Increasing evidence suggests that a major function of FOXP2 is to regulate the morphological development of neurons, including their dendrites and spines. Previous studies have uncovered the mechanisms underlying FOXP2-mediated regulation of spine formation and synaptogenesis in both avian and rodent brains.^18–22 Here, we complement these studies with the surprise identification of a cellular mechanism by which FOXP2, famed for its potential involvement in human speech, can impact dendritic outgrowth in the striatum. We demonstrate that FOXP2 acts through multiple biological pathways related to intracellular dynein-dynactin molecular motors and TrkB to coordinate the development of dendrites and spines, which as a whole enables striatal circuit assembly for vocal communication.
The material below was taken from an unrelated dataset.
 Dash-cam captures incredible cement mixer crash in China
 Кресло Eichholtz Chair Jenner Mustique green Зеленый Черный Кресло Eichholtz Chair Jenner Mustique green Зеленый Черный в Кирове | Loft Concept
Our findings lead to three major conclusions. First, FOXP2 acts during the development of the striatum to regulate the homeostasis of intracellular trafficking by directly interacting with the dynactin component of dynein-dynactin protein complexes. Second, accompanying the structural abnormalities induced by loss of FOXP2-driven homeostatic regulation of dynein-dynactin protein motors, functional deficits in vocalization behaviour occur. Third, the FOXP2^R553H mutation associated with speech disorders in humans, when expressed in a mouse model, induces dynactin-associated abnormalities strikingly similar to those in Foxp2 knockout mice. These include deficits in TrkB endosome trafficking, neurite extension and dendritic development as well as abnormal vocalizations similar to those exhibited by the Foxp2 deletion mice. These findings suggest a remarkable link between the dynamics of intracellular trafficking and the control of vocalization. They further explicitly point to a potential role for defective FOXP2-DCTN1 genetic interaction in the pathophysiology of FOXP2^R553H mutation and FOXP2 deletion-associated speech disorders.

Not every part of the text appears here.